Pros cons consolidating your debt
In addition to refinancing student loans and parent PLUS loans, the company offers undergraduate and graduate school loans.It partners with Pencils of Promise, an education nonprofit, to fund the education of a child in the developing world each time it funds a new student loan in the U. Best Features: Common Bond allows qualified borrowers to release a co-signer, and children can refinance parent PLUS loans into their name.This guide provides an in-depth explanation of the differences between federal loan consolidation and private loan refinancing, the pros and cons of each and insight into which options are best for different situations. News compared private lenders to come up with recommendations for different kinds of borrowers.There are a variety of private lenders that offer student loan refinancing, each with different potential interest rates, loan terms and features. When you consolidate your student loans, you essentially combine multiple loans into one.To facilitate the consolidation, a lender will pay off your current loans and issue you a new loan for the total amount you owe.This type of consolidation won’t save you money on interest, but it can make it easier to manage your loans with a single payment each month.

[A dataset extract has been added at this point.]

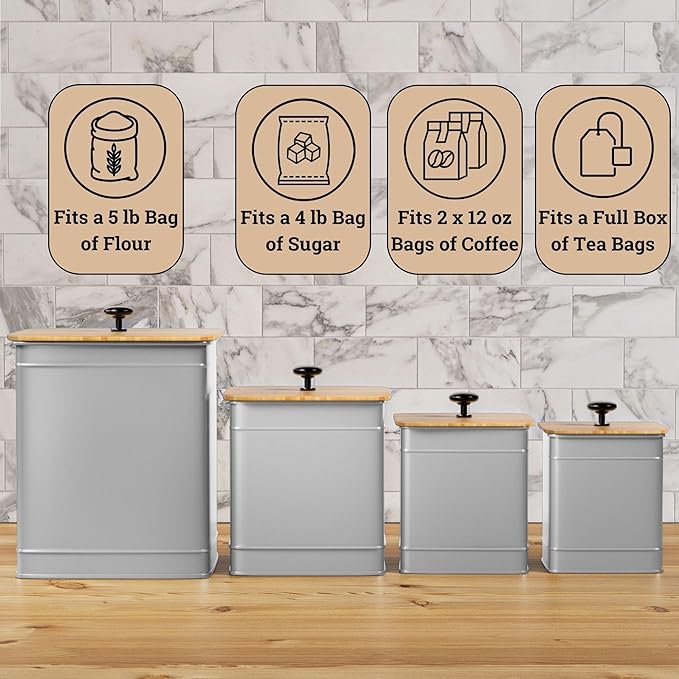 Kitchen Canisters for Countertop Set of 4 with Customizable Chalkboard Labels & Marker Pen - Big Iron Kitchen Canisters with Airtight Lids - Gray Canister Set - Flour and Sugar Containers Farmhouse-Ruum Studio Home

If you’re consolidating loans that are in a grace period, you can ask the servicer to delay processing your request. Once you’ve filled in all the required sections, you’ll have to sign and submit the application.While both options involve combining multiple loans into one, private loan consolidation is generally referred to as refinancing.This is because you’ll finance the new student loan based on a variety of factors, including your income, debts, employment and credit.When you refinance your loan, you can choose a five-, seven-, 10-, 15- or 20-year term.Common Bond will match your federal loan deferment period if you graduated the same year you apply and your loans are currently in grace period deferment.